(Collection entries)
· · · ·
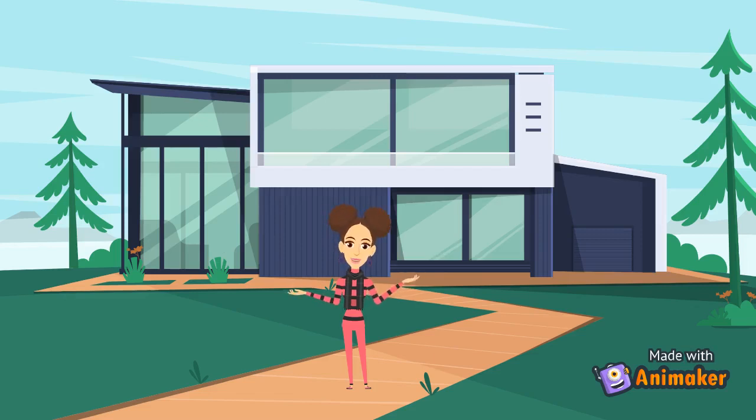Hello, my name is Emily. Welcome to my house — I will be doing a house tour today. Let's go.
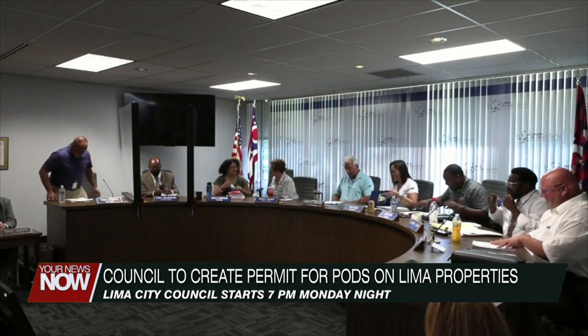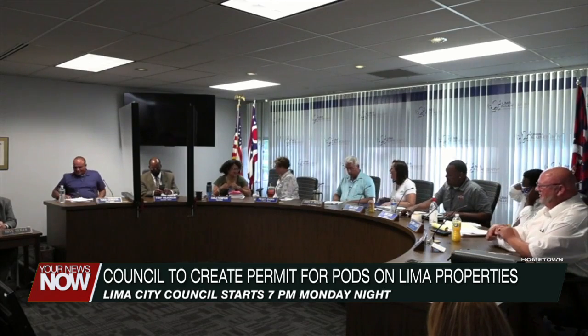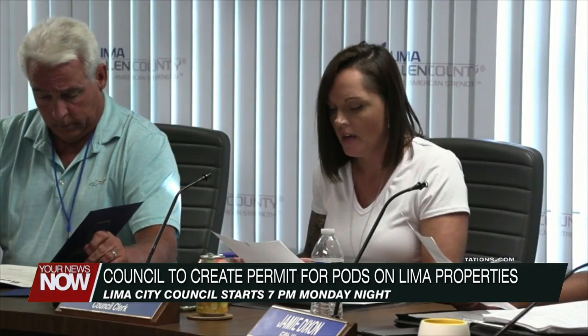Lima City Council will be voting to accept funding to start some improvement projects, and they're looking to create a permit to use portable temporary storage units at Lima homes. Connor Prince breaks it all down in our council preview. Lima City Council will be voting to create a permit system for people who have portable on-demand storage units, or pods.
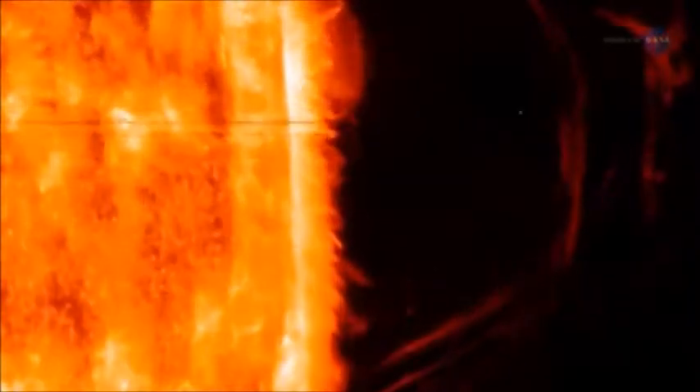The solar wind also travels at immense speeds, and scientists want to learn why. It leaves the sun at a speed of up to 500 miles or 800 kilometers per second and engulfs all major planets in the solar system.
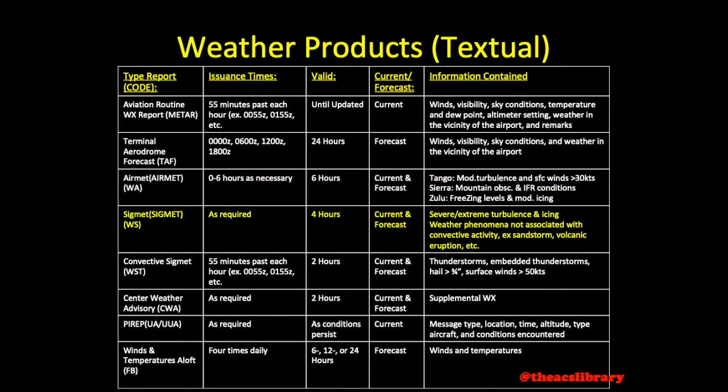SIGMETs are issued when conditions require, similar to AIRMETs, but no more than four hours apart, and they remain valid for four hours. Information contained includes severe or extreme turbulence or icing not related to convective activity. Convective activity is the circular movement of air associated with thunderstorms and hail. SIGMETs also include unusual weather phenomena such as sandstorms, volcanic eruptions, etc.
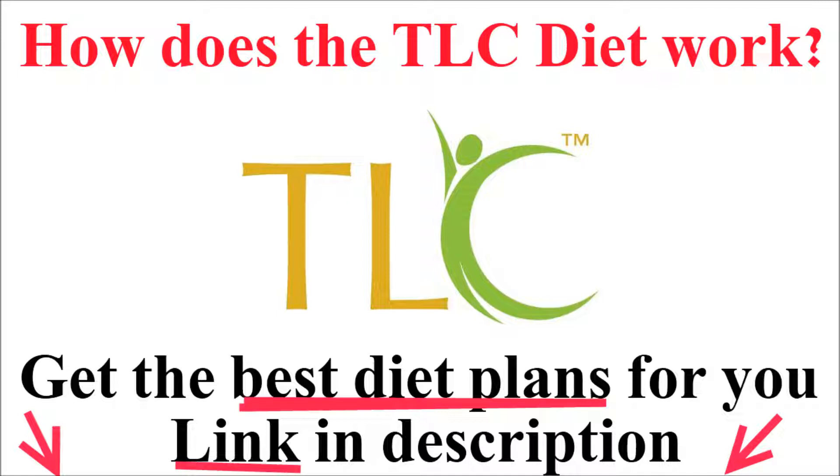If after 6 weeks your LDL cholesterol has not dropped by about 8-10%, add an additional 2 grams of plant stanols or sterols, and 10-25 grams of soluble fiber each day. Soluble fiber and plant stanols and sterols help block the absorption of cholesterol from the digestive tract, which helps lower LDL.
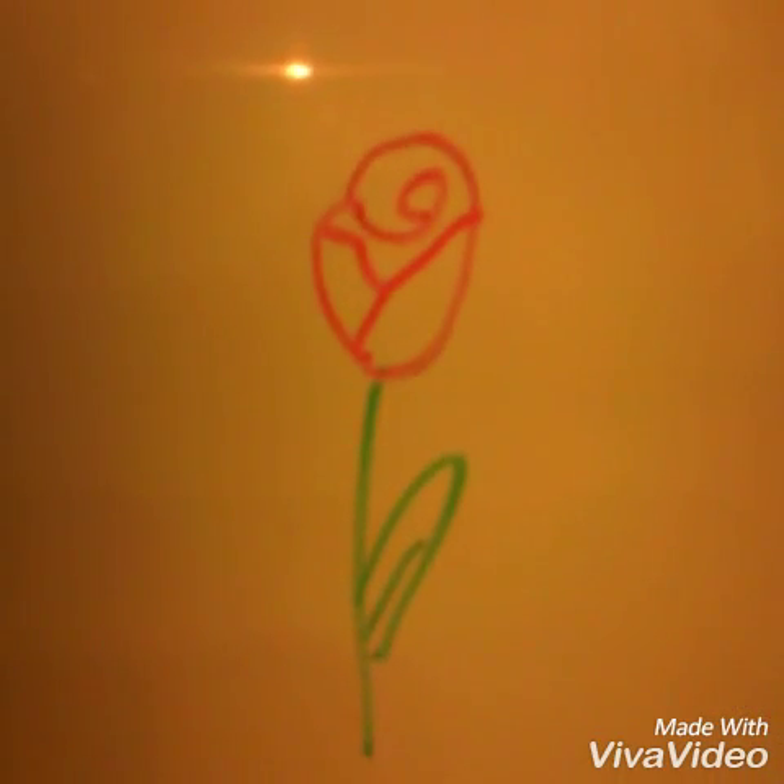Draw. It doesn't have to be perfect, like this picture I'm going to show you right now. It's not perfect, but it's fun to draw.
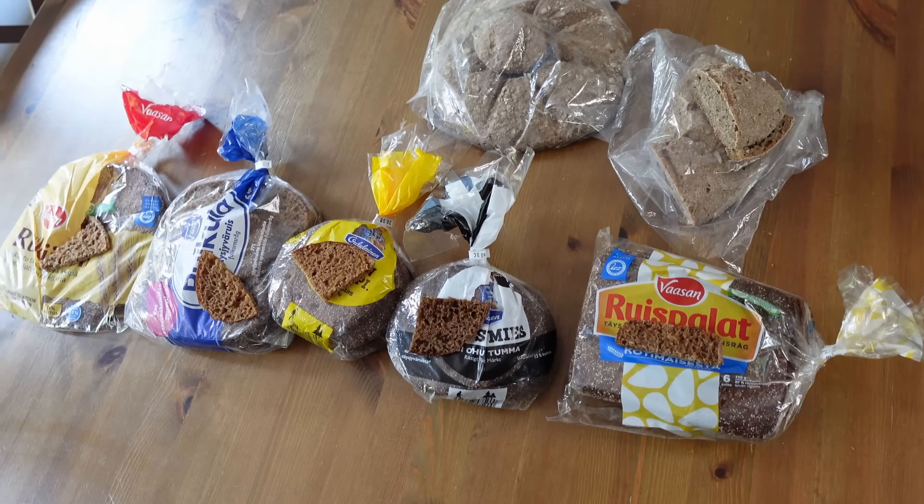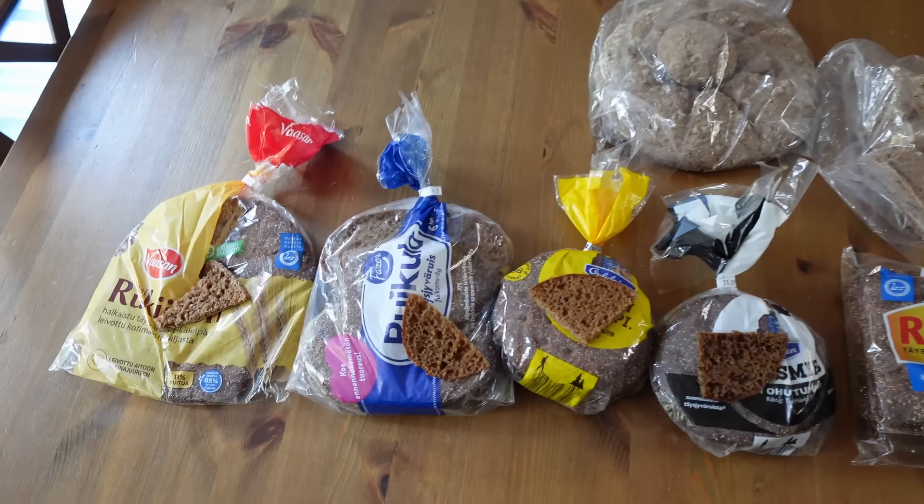If you love rye bread and are curious about authentic Finnish flavors, then you're in for a treat. Today I am comparing and tasting five different rye breads from Finland and one bonus one that is baked right here in British Columbia in a bakery close to me. I'll share my thoughts on what makes each one unique — the flavors, textures, and basically what I think about them. Hi, I'm Anneli and I'm here in my kitchen. So let's dive right into tasting and having a look at these Finnish rye breads.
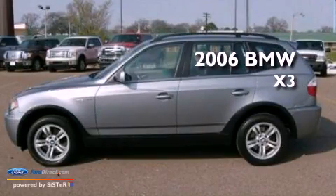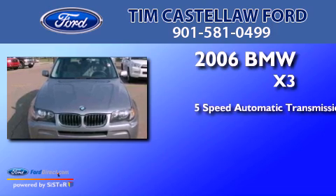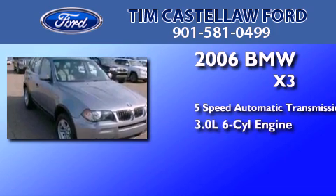This is a 2006 BMW X3. This crossover has a 5-speed automatic transmission and a 3.0-liter inline 6-cylinder engine.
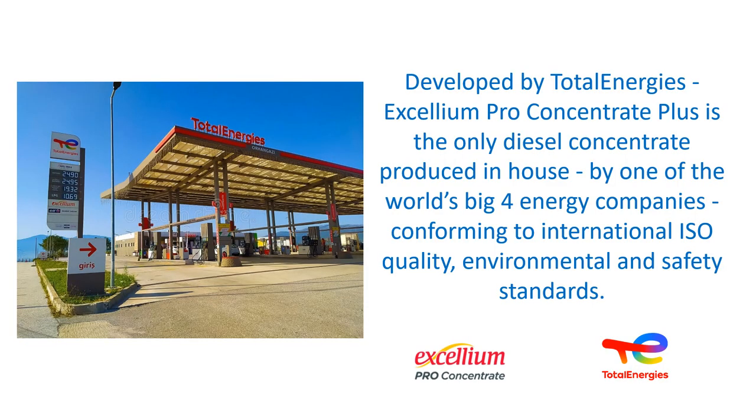Developed by Total Energies, Accelion Pro Concentrate Plus is the only diesel concentrate produced in-house by one of the world's big four energy companies, conforming to international ISO quality, environmental and safety standards.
· · · ·
What is needed is an exact copy of the data, with the pictures removed.

Solution for this exercise:
Hello, my name is Emily. Welcome to my house — I will be doing a house tour today. Let's go.
Lima City Council will be voting to accept funding to start some improvement projects, and they're looking to create a permit to use portable temporary storage units at Lima homes. Connor Prince breaks it all down in our council preview. Lima City Council will be voting to create a permit system for people who have portable on-demand storage units, or pods.
The solar wind also travels at immense speeds, and scientists want to learn why. It leaves the sun at a speed of up to 500 miles or 800 kilometers per second and engulfs all major planets in the solar system.
SIGMETs are issued when conditions require, similar to AIRMETs, but no more than four hours apart, and they remain valid for four hours. Information contained includes severe or extreme turbulence or icing not related to convective activity. Convective activity is the circular movement of air associated with thunderstorms and hail. SIGMETs also include unusual weather phenomena such as sandstorms, volcanic eruptions, etc.
If after 6 weeks your LDL cholesterol has not dropped by about 8-10%, add an additional 2 grams of plant stanols or sterols, and 10-25 grams of soluble fiber each day. Soluble fiber and plant stanols and sterols help block the absorption of cholesterol from the digestive tract, which helps lower LDL.
Draw. It doesn't have to be perfect, like this picture I'm going to show you right now. It's not perfect, but it's fun to draw.
If you love rye bread and are curious about authentic Finnish flavors, then you're in for a treat. Today I am comparing and tasting five different rye breads from Finland and one bonus one that is baked right here in British Columbia in a bakery close to me. I'll share my thoughts on what makes each one unique — the flavors, textures, and basically what I think about them. Hi, I'm Anneli and I'm here in my kitchen. So let's dive right into tasting and having a look at these Finnish rye breads.
This is a 2006 BMW X3. This crossover has a 5-speed automatic transmission and a 3.0-liter inline 6-cylinder engine.
Developed by Total Energies, Accelion Pro Concentrate Plus is the only diesel concentrate produced in-house by one of the world's big four energy companies, conforming to international ISO quality, environmental and safety standards.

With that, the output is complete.